**What you should do:** Beginning with the line that holds "Ambonnay. Section A2" and ending with the last line of the entries, please output each line exactly, apart from any pictures.

────────────────

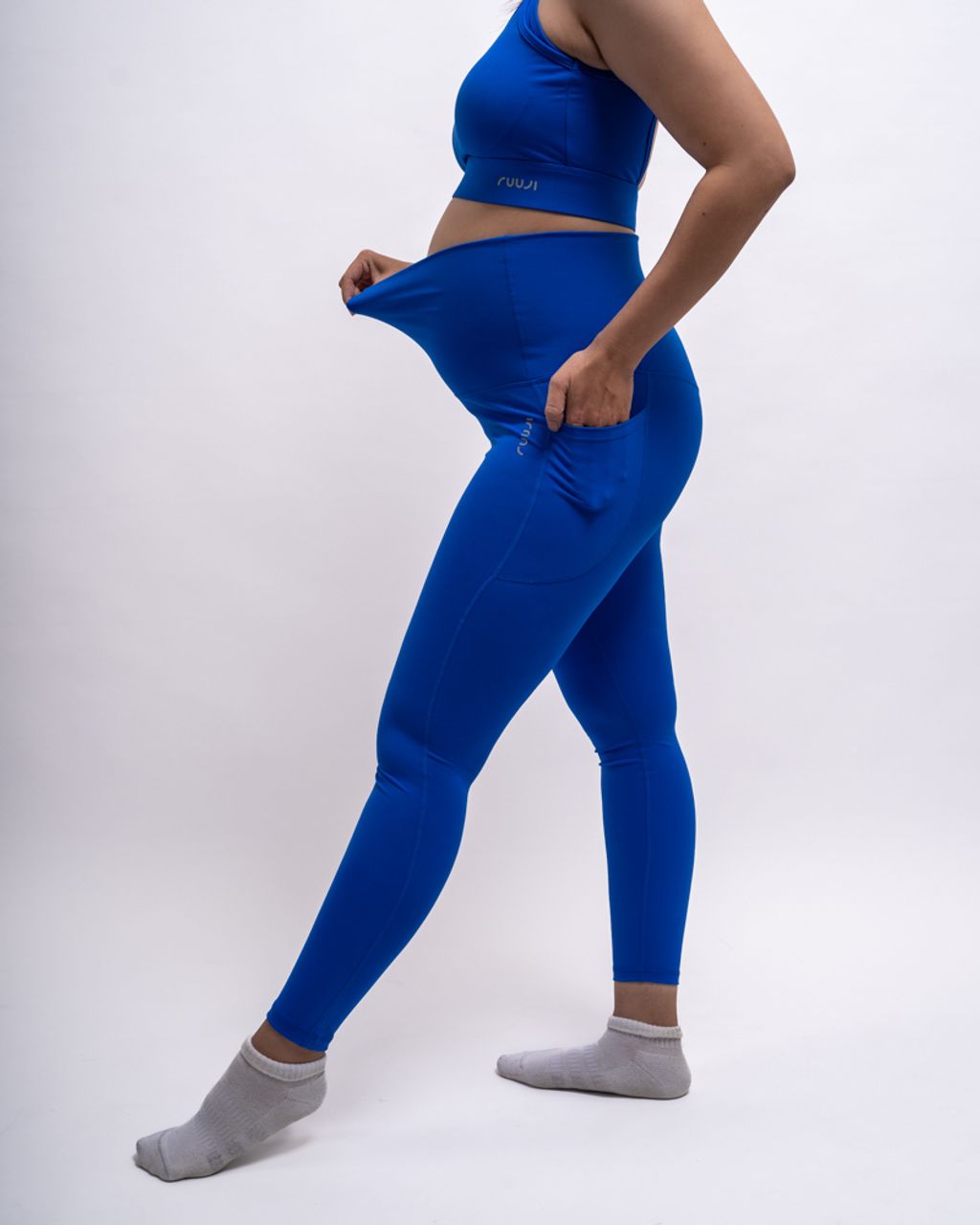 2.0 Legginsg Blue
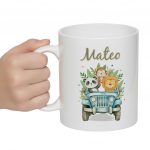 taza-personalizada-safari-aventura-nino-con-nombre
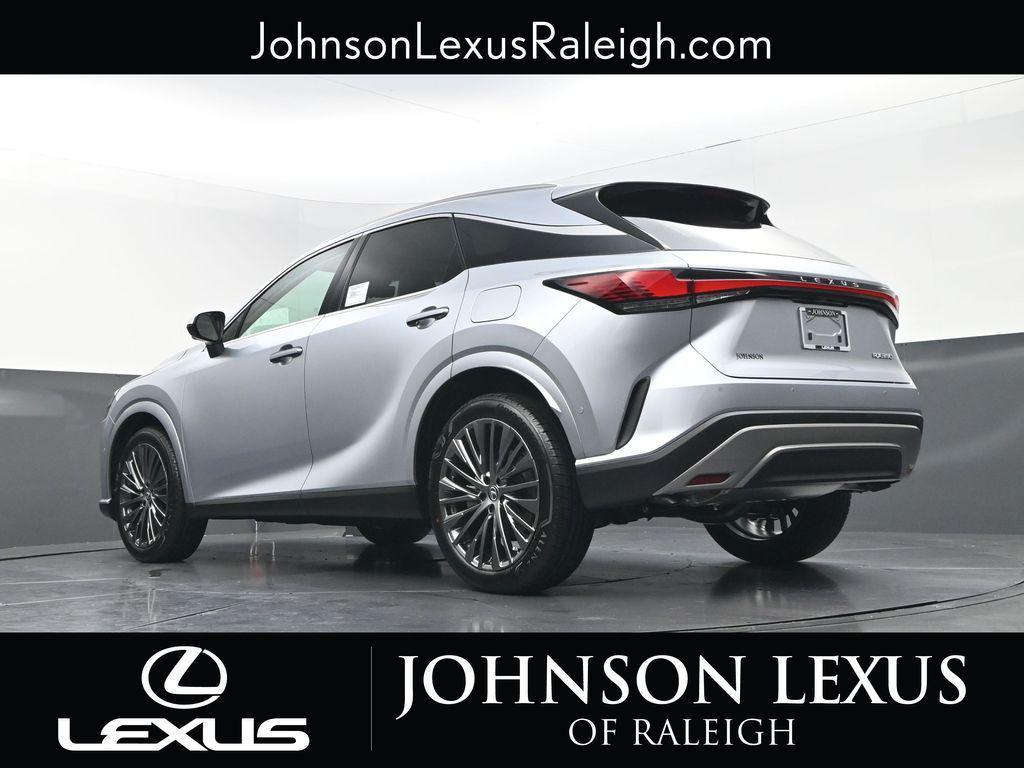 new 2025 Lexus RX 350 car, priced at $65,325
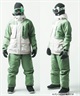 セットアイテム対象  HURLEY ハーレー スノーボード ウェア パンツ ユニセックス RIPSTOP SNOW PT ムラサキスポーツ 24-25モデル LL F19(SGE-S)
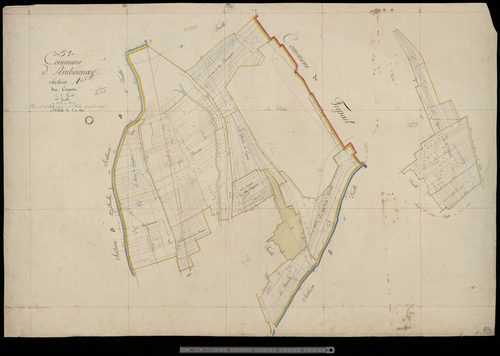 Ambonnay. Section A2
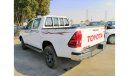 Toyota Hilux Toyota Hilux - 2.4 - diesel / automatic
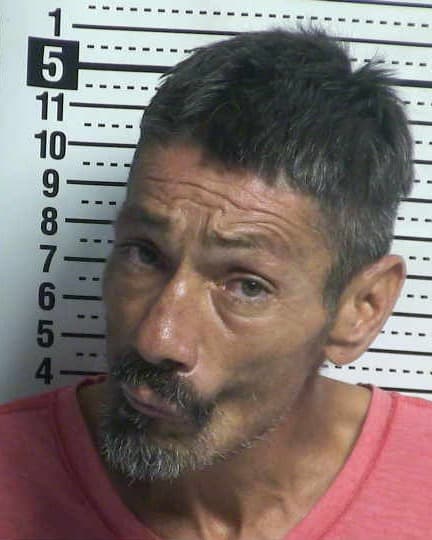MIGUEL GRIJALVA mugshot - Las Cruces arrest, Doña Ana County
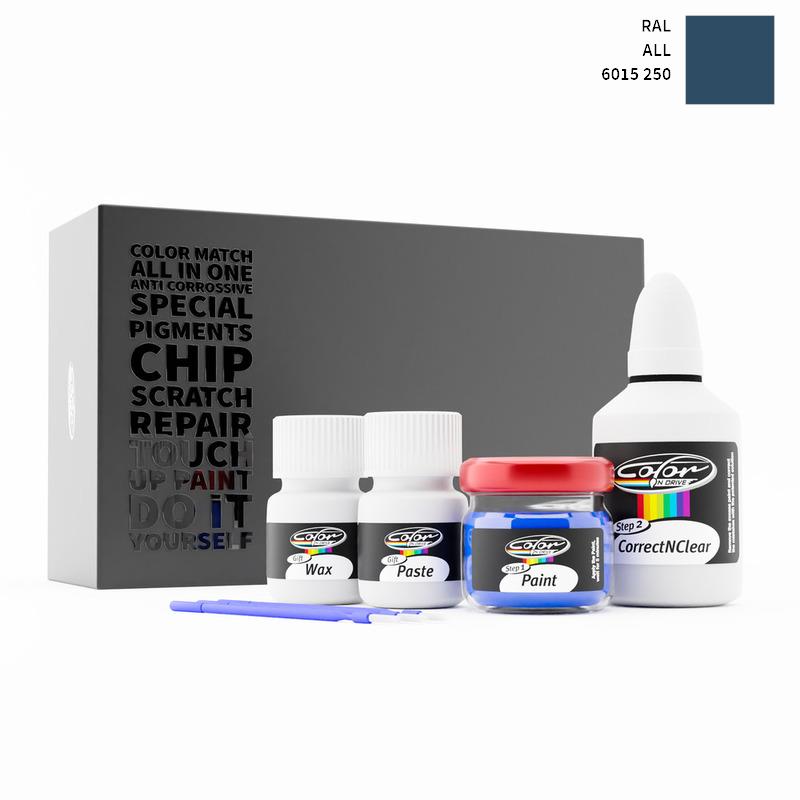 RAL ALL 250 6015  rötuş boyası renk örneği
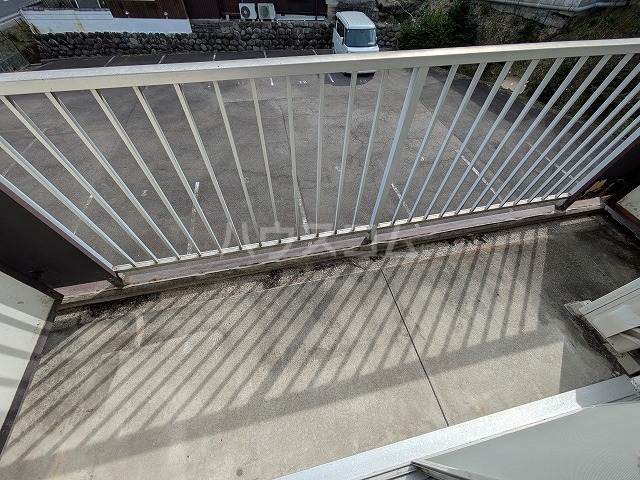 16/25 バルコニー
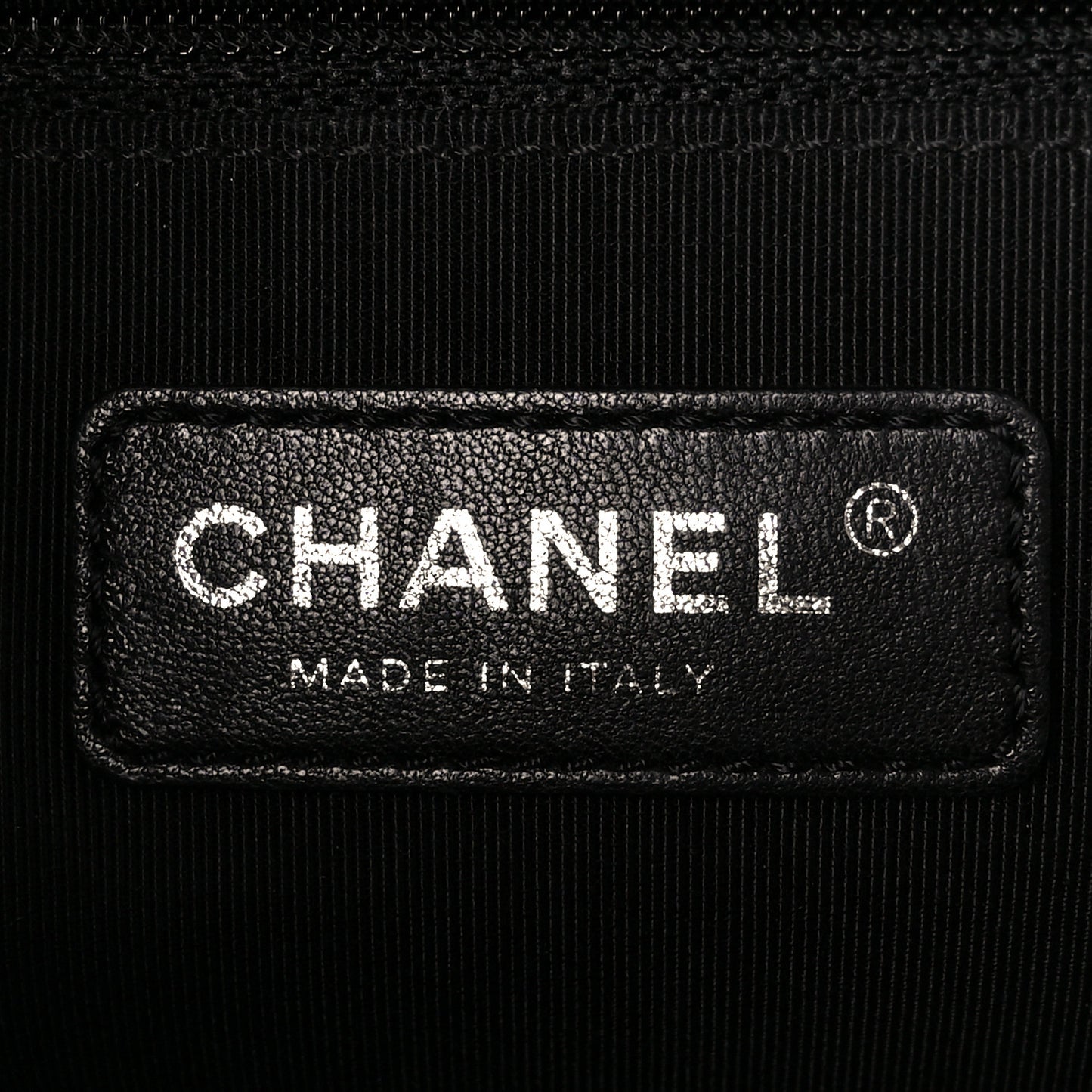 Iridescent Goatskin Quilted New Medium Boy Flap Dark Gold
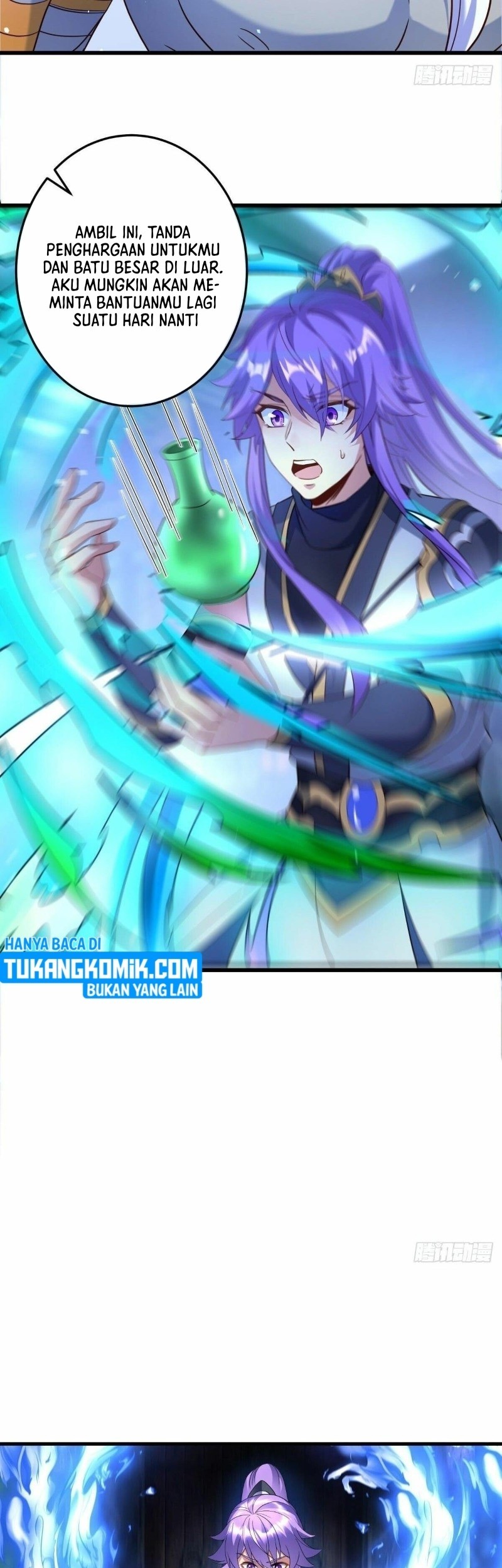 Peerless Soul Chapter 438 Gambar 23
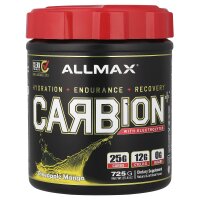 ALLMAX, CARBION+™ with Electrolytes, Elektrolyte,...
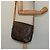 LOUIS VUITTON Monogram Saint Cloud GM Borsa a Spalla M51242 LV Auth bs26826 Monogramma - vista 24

────────────────

**Your solution:**
 Ambonnay. Section A2
 Toyota Hilux Toyota Hilux - 2.4 - diesel / automatic
MIGUEL GRIJALVA mugshot - Las Cruces arrest, Doña Ana County
 RAL ALL 250 6015  rötuş boyası renk örneği
 16/25 バルコニー
 Iridescent Goatskin Quilted New Medium Boy Flap Dark Gold
 Peerless Soul Chapter 438 Gambar 23
 ALLMAX, CARBION+™ with Electrolytes, Elektrolyte,...
 LOUIS VUITTON Monogram Saint Cloud GM Borsa a Spalla M51242 LV Auth bs26826 Monogramma - vista 24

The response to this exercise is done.